The present hasn't worked out so well for President Bush. So now he's banking on a kinder and gentler future.

With the days quickly counting down on Bush's White House lease, plans for the George W. Bush Presidential Library are ramping up as architects finish designs for an edifice on the campus of Southern Methodist University intended to burnish the president's image for the ages.

"I'm confident that people will come to change their mind about the president and some of the decisions he made," said Mark Langdale, a longtime Bush friend who heads the foundation overseeing the library's development. "You need time to get past the current news cycle and the prejudices and emotions of the moment."

The estimated $300 million project, on prime real estate at the university's entrance, is expected to open in 2013. It will contain the archives of the Bush presidency, a museum celebrating his accomplishments and a policy institute its backers hope will become a leading Republican think tank.

Yet, given the president's current unpopularity, some Bush critics wonder whether the facility will turn out to be a historical white elephant. Fund-raising for the project has been "very modest," according to Dan Bartlett, a former Bush counselor acting as a library spokesman. Langdale said the president was intentionally waiting until he leaves office to start actively seeking out donors.

"The skeptics could be right: It might be a white elephant," said Benjamin Hufbauer, an art-history professor at the University of Louisville and an expert on presidential libraries. "But presidents don't see it that way. . . . Presidents see these as a foundation from which to build a new reputation. It's just the right kind of elephant."

For their part, SMU officials are certain that once they build it, people will come.

"Sometimes the administrations that have the kinds of interesting times that this one has had make for even more research and discussion and debate," said Brad Cheves, university vice president for development.

Most of the campus controversy that last year surrounded the choice of SMU as the site of the library has dissipated. What residue remains centers on the concerns that the Bush policy institute will become a neoconservative firebase rather than the legitimate scholarly enclave promised by officials.

Just how valuable the entire complex will be to future historians and scholars remains uncertain, especially given an executive order signed by Bush in 2001 that grants a former president broad discretion to withhold administration documents from the public.

Historians have decried Bush's order, which overrides national records laws mandating the release of documents 12 years after a president leaves office, and they have urged Obama to reverse it.

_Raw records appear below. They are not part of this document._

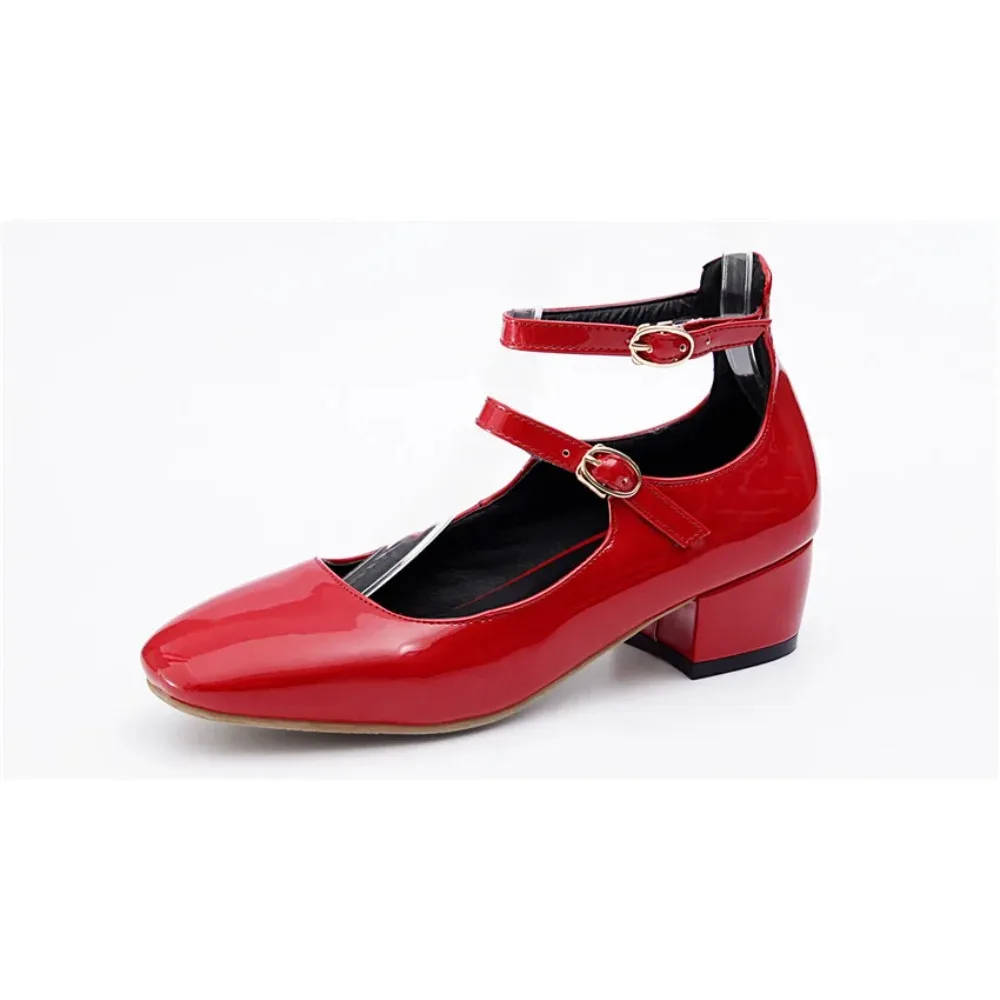 Большой размер Sweet Mary Janes Med Block Heels Черный Красный Лакированная кожа Повседневная вечеринка Офисные женские туфли-лодочки с квадратным носком в стиле Лолиты с ремешком на щиколотке
Большой размер Sweet Mary Janes Med Block Heels Черный Красный Лакированная кожа Повседневная вечеринка Офисные женские туфли-лодочки с квадратным носком в стиле Лолиты с ремешком на щиколотке
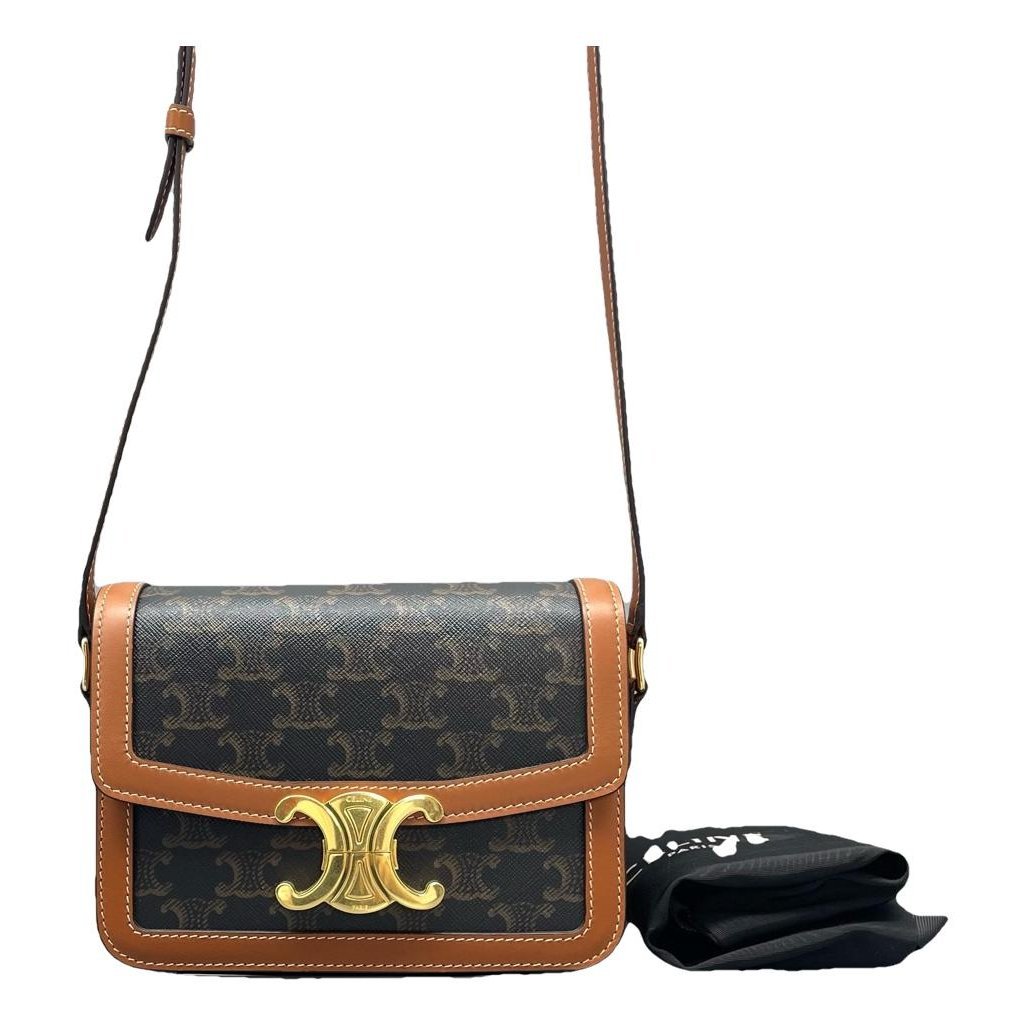 Triomphe leather handbag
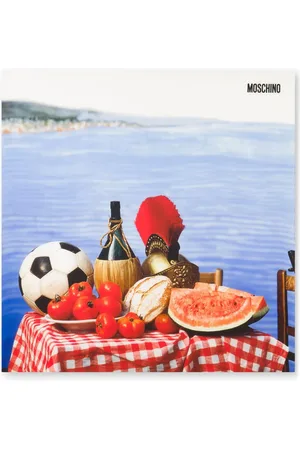 Moschino Table-print scarf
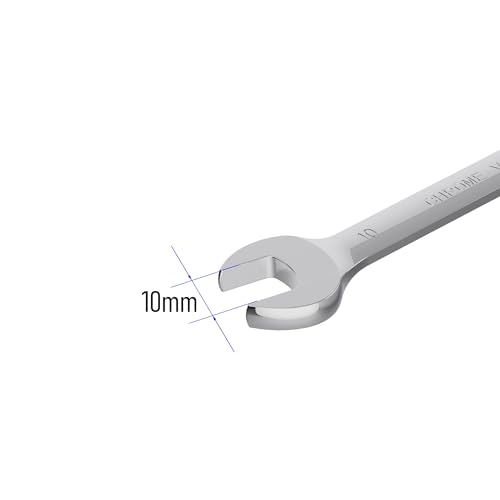 10mm Flex-Head Ratcheting Combination Wrench, 10mm Metric - size: 10mm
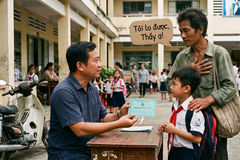 Người cha khó khăn nhưng từ chối nhận hỗ trợ cho con vì 'tôi lo được'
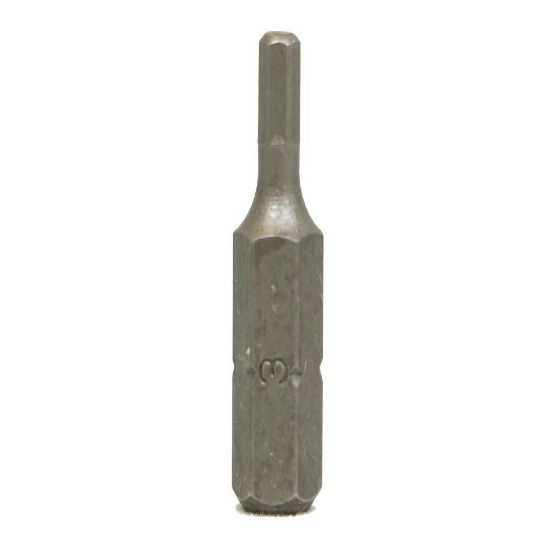 Picture of Bits - Hex Bit 3mm x25mmx1/4" Maximum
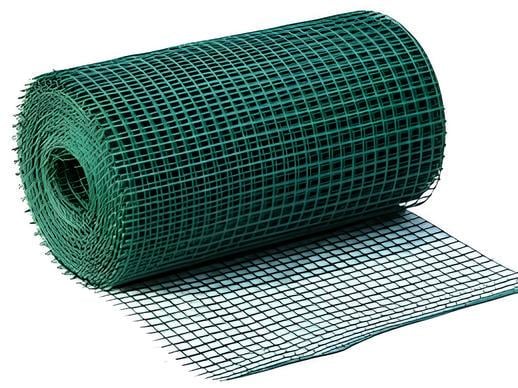 Сетка пластиковая декоративная Клевер 10х10 мм 40 х 10 м Темно-зеленый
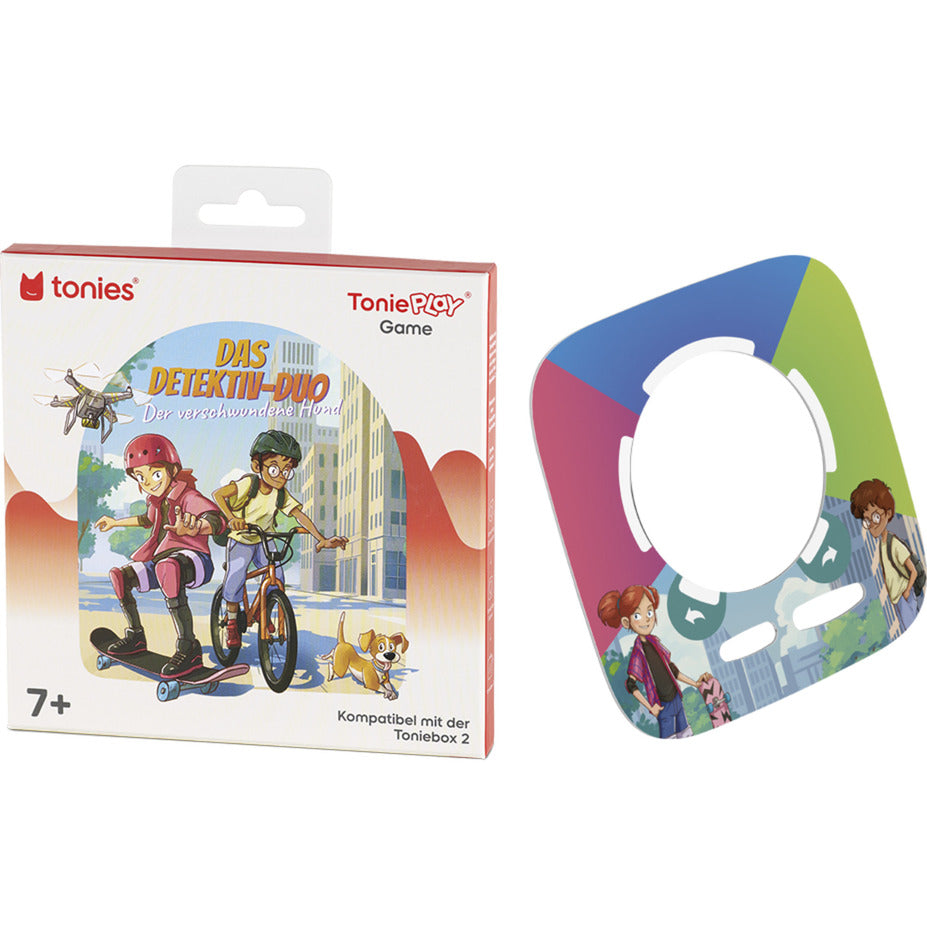 Tonieplay Game S - Das Detektiv Duo: Der verschwundene Hund, Geschicklichkeitsspiel
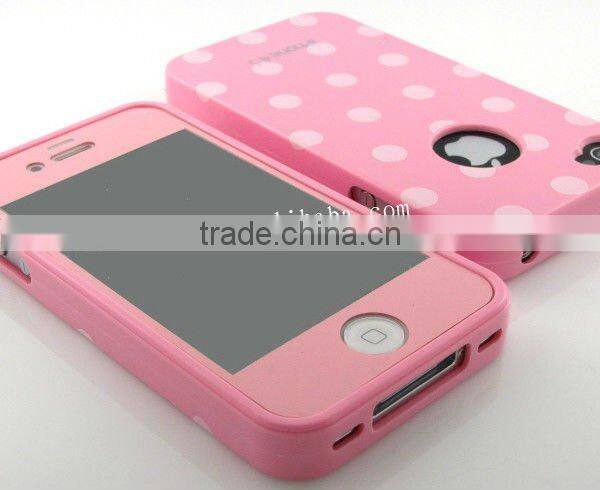 CELL PHONE CASE COVER SKIN for IPHONE 4S 4 SILICONE HOT PINK
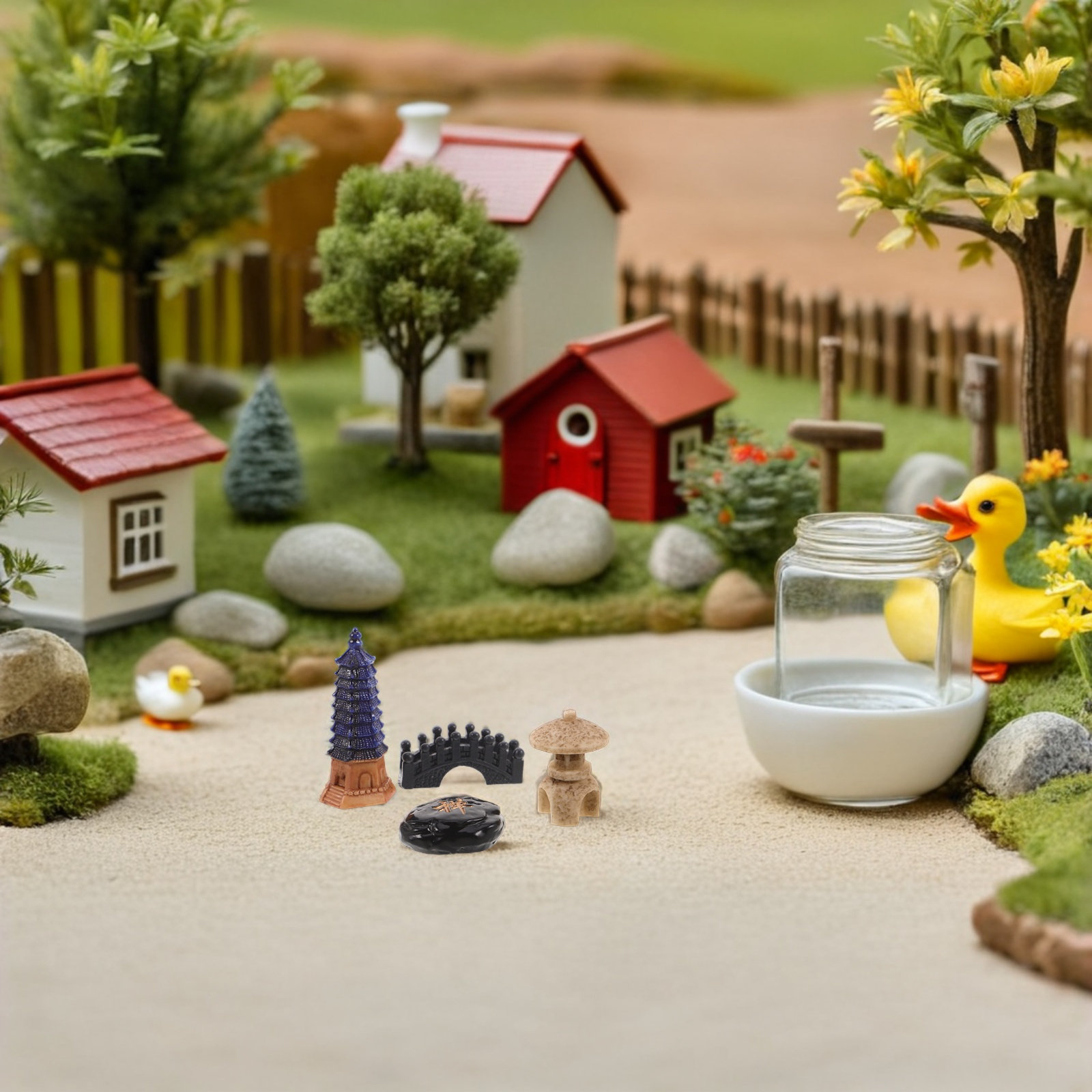 Conjunto de 4 Peças de Acessór - Bonsai Zen Garden Set avaliação e preço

Langdale says the Bush museum will not avoid the most divisive episodes of the president's years in office, such as the administration's much-criticized response to Hurricane Katrina. Which is not to say that those controversies might not be subject to some positive historical spin.

"There's an interesting lesson about Katrina and the limitations of government assistance to respond to big natural disasters," Langdale said. "They are acts of God, and they are tough. It's definitely a story line I would not shy away from addressing somehow in the museum."